**YOUR TASK**
Return the data below in full, matching every line exactly.

━━━━━━━━

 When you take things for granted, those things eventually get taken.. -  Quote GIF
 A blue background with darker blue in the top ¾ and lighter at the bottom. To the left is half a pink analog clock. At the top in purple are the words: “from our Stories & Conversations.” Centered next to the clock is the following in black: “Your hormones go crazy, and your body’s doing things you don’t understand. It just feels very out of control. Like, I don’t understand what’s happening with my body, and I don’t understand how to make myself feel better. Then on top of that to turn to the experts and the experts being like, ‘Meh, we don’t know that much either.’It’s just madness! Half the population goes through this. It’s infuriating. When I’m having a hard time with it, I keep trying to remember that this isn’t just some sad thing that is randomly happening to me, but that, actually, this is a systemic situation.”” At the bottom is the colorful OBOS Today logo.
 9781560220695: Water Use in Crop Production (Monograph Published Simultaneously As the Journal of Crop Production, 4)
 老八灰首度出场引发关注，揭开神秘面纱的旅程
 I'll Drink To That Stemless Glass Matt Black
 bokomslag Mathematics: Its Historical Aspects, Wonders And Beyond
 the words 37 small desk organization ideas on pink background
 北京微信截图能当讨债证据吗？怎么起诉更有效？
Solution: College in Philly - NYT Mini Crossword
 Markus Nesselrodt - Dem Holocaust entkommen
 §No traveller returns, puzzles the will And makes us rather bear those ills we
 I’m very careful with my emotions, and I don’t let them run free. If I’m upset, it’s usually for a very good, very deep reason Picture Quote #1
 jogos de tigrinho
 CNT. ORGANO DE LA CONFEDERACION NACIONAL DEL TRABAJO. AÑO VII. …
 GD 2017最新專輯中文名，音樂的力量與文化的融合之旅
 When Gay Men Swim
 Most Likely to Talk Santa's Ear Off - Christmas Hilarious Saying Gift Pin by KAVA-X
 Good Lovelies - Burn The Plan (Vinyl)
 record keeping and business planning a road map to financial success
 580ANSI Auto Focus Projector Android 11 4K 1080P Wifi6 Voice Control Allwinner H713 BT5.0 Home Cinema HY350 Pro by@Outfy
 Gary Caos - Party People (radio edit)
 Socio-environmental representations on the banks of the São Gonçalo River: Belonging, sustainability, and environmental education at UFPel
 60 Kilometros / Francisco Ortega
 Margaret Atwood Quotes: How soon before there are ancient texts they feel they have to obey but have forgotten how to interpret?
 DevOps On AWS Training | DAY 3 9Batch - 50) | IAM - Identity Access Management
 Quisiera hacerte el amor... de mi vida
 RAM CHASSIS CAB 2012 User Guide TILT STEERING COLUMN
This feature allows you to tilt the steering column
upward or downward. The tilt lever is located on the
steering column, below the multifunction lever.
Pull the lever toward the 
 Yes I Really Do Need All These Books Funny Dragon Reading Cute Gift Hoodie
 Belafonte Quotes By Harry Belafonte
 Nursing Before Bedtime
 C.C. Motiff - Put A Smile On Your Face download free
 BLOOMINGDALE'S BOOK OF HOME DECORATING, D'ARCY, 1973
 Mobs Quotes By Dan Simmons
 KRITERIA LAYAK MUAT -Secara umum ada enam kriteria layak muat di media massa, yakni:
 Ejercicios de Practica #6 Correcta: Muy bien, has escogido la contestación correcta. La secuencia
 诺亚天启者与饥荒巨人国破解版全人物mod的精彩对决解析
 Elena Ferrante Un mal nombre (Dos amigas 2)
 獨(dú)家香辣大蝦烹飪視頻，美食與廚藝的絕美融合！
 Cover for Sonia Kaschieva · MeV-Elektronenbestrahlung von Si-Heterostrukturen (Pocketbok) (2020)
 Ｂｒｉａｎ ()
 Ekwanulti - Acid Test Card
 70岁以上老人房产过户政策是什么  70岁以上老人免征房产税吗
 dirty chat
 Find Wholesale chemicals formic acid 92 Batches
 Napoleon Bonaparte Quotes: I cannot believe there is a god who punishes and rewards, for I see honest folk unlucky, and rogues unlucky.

━━━━━━━━

**SOLUTION**
 When you take things for granted, those things eventually get taken.. -  Quote GIF
 A blue background with darker blue in the top ¾ and lighter at the bottom. To the left is half a pink analog clock. At the top in purple are the words: “from our Stories & Conversations.” Centered next to the clock is the following in black: “Your hormones go crazy, and your body’s doing things you don’t understand. It just feels very out of control. Like, I don’t understand what’s happening with my body, and I don’t understand how to make myself feel better. Then on top of that to turn to the experts and the experts being like, ‘Meh, we don’t know that much either.’It’s just madness! Half the population goes through this. It’s infuriating. When I’m having a hard time with it, I keep trying to remember that this isn’t just some sad thing that is randomly happening to me, but that, actually, this is a systemic situation.”” At the bottom is the colorful OBOS Today logo.
 9781560220695: Water Use in Crop Production (Monograph Published Simultaneously As the Journal of Crop Production, 4)
 老八灰首度出场引发关注，揭开神秘面纱的旅程
 I'll Drink To That Stemless Glass Matt Black
 bokomslag Mathematics: Its Historical Aspects, Wonders And Beyond
 the words 37 small desk organization ideas on pink background
 北京微信截图能当讨债证据吗？怎么起诉更有效？
Solution: College in Philly - NYT Mini Crossword
 Markus Nesselrodt - Dem Holocaust entkommen
 §No traveller returns, puzzles the will And makes us rather bear those ills we
 I’m very careful with my emotions, and I don’t let them run free. If I’m upset, it’s usually for a very good, very deep reason Picture Quote #1
 jogos de tigrinho
 CNT. ORGANO DE LA CONFEDERACION NACIONAL DEL TRABAJO. AÑO VII. …
 GD 2017最新專輯中文名，音樂的力量與文化的融合之旅
 When Gay Men Swim
 Most Likely to Talk Santa's Ear Off - Christmas Hilarious Saying Gift Pin by KAVA-X
 Good Lovelies - Burn The Plan (Vinyl)
 record keeping and business planning a road map to financial success
 580ANSI Auto Focus Projector Android 11 4K 1080P Wifi6 Voice Control Allwinner H713 BT5.0 Home Cinema HY350 Pro by@Outfy
 Gary Caos - Party People (radio edit)
 Socio-environmental representations on the banks of the São Gonçalo River: Belonging, sustainability, and environmental education at UFPel
 60 Kilometros / Francisco Ortega
 Margaret Atwood Quotes: How soon before there are ancient texts they feel they have to obey but have forgotten how to interpret?
 DevOps On AWS Training | DAY 3 9Batch - 50) | IAM - Identity Access Management
 Quisiera hacerte el amor... de mi vida
 RAM CHASSIS CAB 2012 User Guide TILT STEERING COLUMN
This feature allows you to tilt the steering column
upward or downward. The tilt lever is located on the
steering column, below the multifunction lever.
Pull the lever toward the 
 Yes I Really Do Need All These Books Funny Dragon Reading Cute Gift Hoodie
 Belafonte Quotes By Harry Belafonte
 Nursing Before Bedtime
 C.C. Motiff - Put A Smile On Your Face download free
 BLOOMINGDALE'S BOOK OF HOME DECORATING, D'ARCY, 1973
 Mobs Quotes By Dan Simmons
 KRITERIA LAYAK MUAT -Secara umum ada enam kriteria layak muat di media massa, yakni:
 Ejercicios de Practica #6 Correcta: Muy bien, has escogido la contestación correcta. La secuencia
 诺亚天启者与饥荒巨人国破解版全人物mod的精彩对决解析
 Elena Ferrante Un mal nombre (Dos amigas 2)
 獨(dú)家香辣大蝦烹飪視頻，美食與廚藝的絕美融合！
 Cover for Sonia Kaschieva · MeV-Elektronenbestrahlung von Si-Heterostrukturen (Pocketbok) (2020)
 Ｂｒｉａｎ ()
 Ekwanulti - Acid Test Card
 70岁以上老人房产过户政策是什么  70岁以上老人免征房产税吗
 dirty chat
 Find Wholesale chemicals formic acid 92 Batches
 Napoleon Bonaparte Quotes: I cannot believe there is a god who punishes and rewards, for I see honest folk unlucky, and rogues unlucky.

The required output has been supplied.